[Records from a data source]
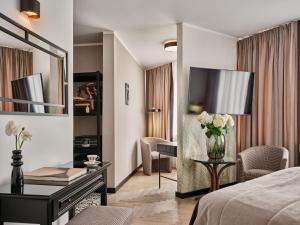 a hotel room with a bed and a table with flowers at Dethloff Art Residence in Warsaw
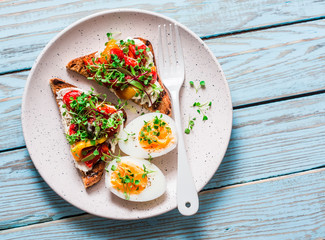 Healthy breakfast or snack - whole grain bread, feta, pickled pepper sandwiches and boiled egg on blue background, top view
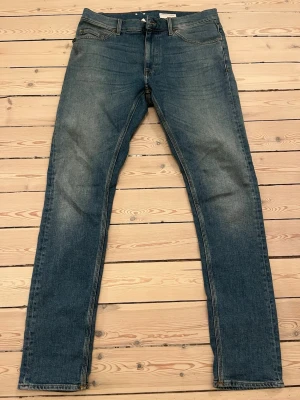 Blå jeans från Tiger of Sweden - Snygga blå jeans från Tiger of Sweden med klassisk femficksmodell och brunt läderpatch bak i midjan. Jeansen har raka ben och normal passform, tillverkade i mjukt bomullsdenim med subtila slitningar framtill för en avslappnad look. Dom är dessutom knappt använda och i riktigt fint skick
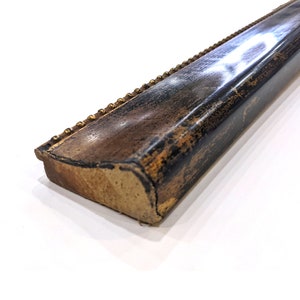 May include: A close-up of a black and gold picture frame molding with a decorative beaded edge.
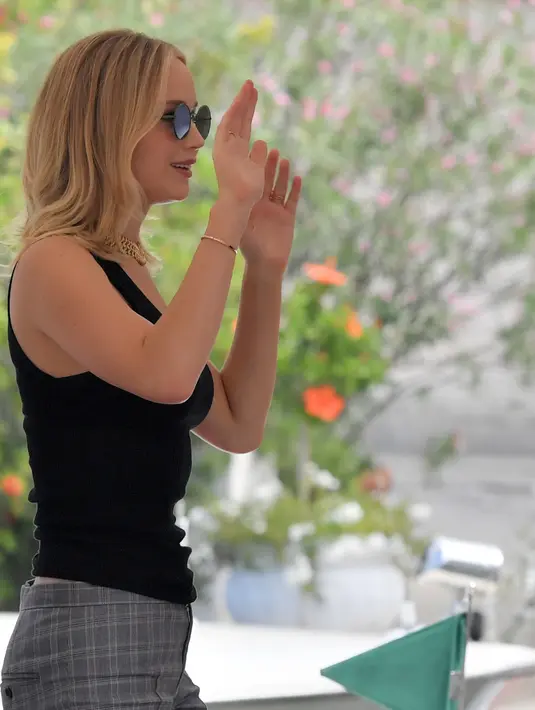 Aktris Jennifer Lawrence menyapa pengemarnya saat tiba di Venice Lido untuk menghadiri Festival Film Internasional Venice ke-74, di Venesia, Italia, (5/9). Jennifer Lawrence tampil cantik mengenakan kacamata dan busana hitam. (Ettore Ferrari/ANSA via AP)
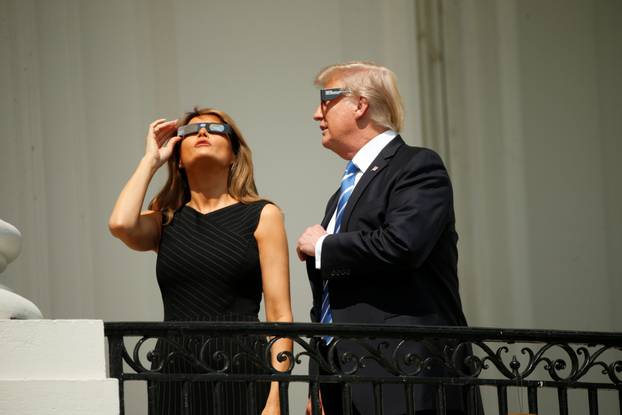 U.S. President Trump watches the solar eclipse with first Lady Melania Trump from the Truman Balcony at the White House in Washington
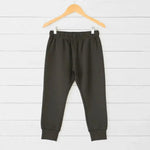 Midnight dark-colored relaxed fit baby joggers with an elastic waist and drawstring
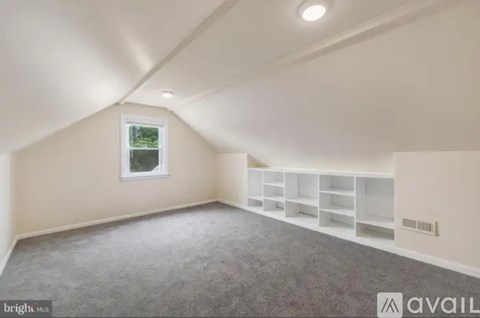 A room with a window and a carpeted floor.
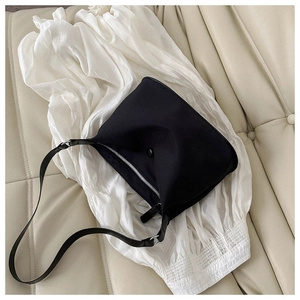 Black nylon crescent bag with silver zipper on white shirt and beige sofa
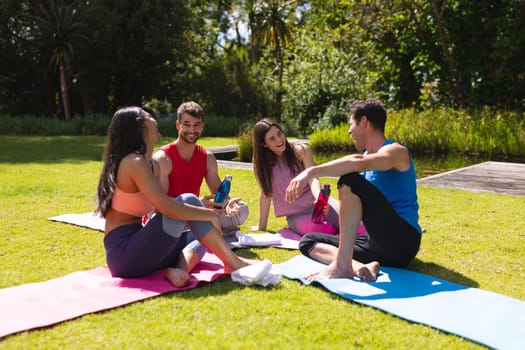 Happy men and women talking while sitting on exercise mats after workout in park. yoga, healthy lifestyle and friendship.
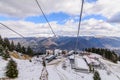 Mountain slopes with chairlift on a winter sunny day. Winter mountains panorama with ski slopes and ski lifts near ski center.. Royalty Free Stock Photo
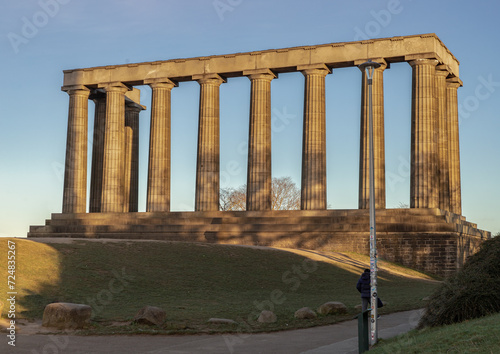 A view of the National Monument of Scotland with a bright blue sky in the background situated on Calton Hill at Edinburgh city. Scotland, Space for text, Selective focus.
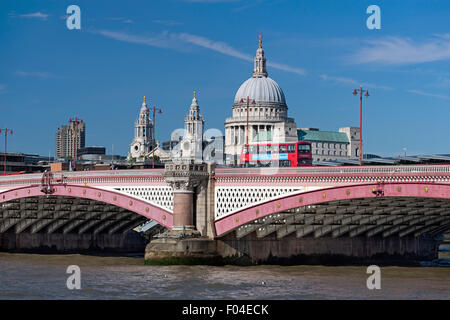 Blackfriars Bridge, St Paul's cathedral and red bus. London UK Stock Photo
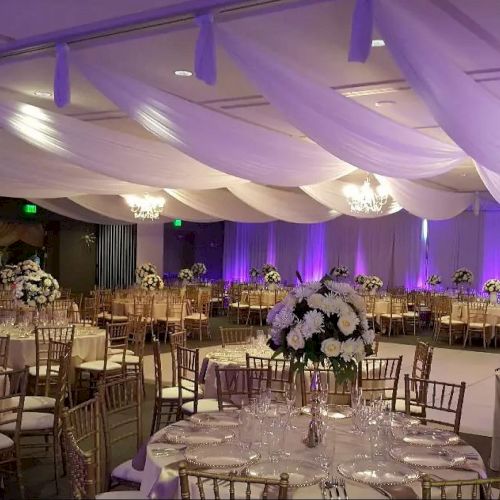 The image shows an elegantly decorated banquet hall with draped ceilings, floral centerpieces, chandeliers, and purple accent lighting.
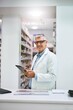 © peopleimages.com - Pharmacy, medicine and man on digital tablet for stock inventory, system and database update in portrait. Mature doctor or retail pharmacist with technology for virtual, medical and online services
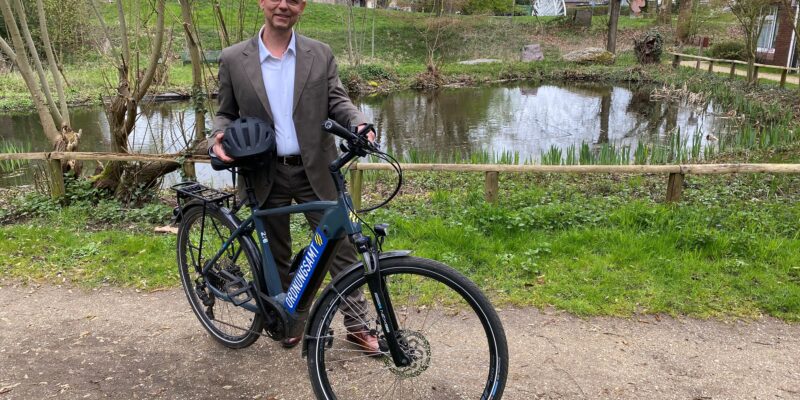 Ein Mann steht mit einem Fahrrad auf einem Weg.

▸ Aim of the exercise
When you reach the line that contains "The image shows" in the records above, copy it and every line after it exactly through the last one, leaving out the pictures.

▸ Written answer
 The image shows an elegantly decorated banquet hall with draped ceilings, floral centerpieces, chandeliers, and purple accent lighting.
 © peopleimages.com - Pharmacy, medicine and man on digital tablet for stock inventory, system and database update in portrait. Mature doctor or retail pharmacist with technology for virtual, medical and online services
 Ein Mann steht mit einem Fahrrad auf einem Weg.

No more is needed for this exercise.